On Jul 24, 11:42 am, Klaus <k...@ph.ed.ac.uk> wrote:
> Hi Tom,
>
> I think it is confusing when straight lines are not a generalisation
> of the h/v CPs. As it stands, they relate to the chosen output
> projection, chosen at the optimisation time, which of course can be
> changed before stitching.

It is true that at present both h/v and line controls imply
straightness in the output projection. That is what I think needs to
be changed, for line controls anyway.

A "true straight line" optimizaton would make it possible to use line
controls as you suggest -- as a generalization of h/v controls.

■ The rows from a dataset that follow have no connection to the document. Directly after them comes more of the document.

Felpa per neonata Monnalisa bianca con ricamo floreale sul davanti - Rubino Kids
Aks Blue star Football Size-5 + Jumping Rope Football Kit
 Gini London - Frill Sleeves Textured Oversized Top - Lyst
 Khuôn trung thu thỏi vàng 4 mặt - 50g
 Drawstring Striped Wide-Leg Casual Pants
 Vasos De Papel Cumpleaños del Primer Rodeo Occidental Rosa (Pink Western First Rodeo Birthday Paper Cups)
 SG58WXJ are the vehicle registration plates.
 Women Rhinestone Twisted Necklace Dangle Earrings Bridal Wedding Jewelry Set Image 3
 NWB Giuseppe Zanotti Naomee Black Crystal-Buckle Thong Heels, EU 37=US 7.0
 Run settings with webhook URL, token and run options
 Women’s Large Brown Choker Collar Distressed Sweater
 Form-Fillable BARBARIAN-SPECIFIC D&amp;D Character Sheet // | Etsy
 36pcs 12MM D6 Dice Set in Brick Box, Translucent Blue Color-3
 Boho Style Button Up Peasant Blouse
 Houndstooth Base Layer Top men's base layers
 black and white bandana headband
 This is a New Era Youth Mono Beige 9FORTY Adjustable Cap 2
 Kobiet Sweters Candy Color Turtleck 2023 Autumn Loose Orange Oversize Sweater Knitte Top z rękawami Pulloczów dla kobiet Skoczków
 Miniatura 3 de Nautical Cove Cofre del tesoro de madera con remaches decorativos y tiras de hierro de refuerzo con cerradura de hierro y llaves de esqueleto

If
defined with CPs in two or more images, a true line control will force
alignment along that line, not just in some arbitrary "horizontal" or
"vertical" direction -- and regardless of whether the line is straight
in either the input or the pano: the only requirement is that it is
straight in reality.
>
> <mode=Paxman>
> What is the point in altering the software code, if you can get the
> great circle functionality by simply switching to rectilinear output
> at optimisation time?
> </mode=Paxman>
>
> One reason might be, that you want to use that funcionality with fov
>
> >180 degrees. Does that happen often enough?

In fact the widest field practical in a rectilinear projection is more
like 125 degrees. Someone making spherical panos, as I mainly do,
could often make good use of straight lines that span a bigger angle.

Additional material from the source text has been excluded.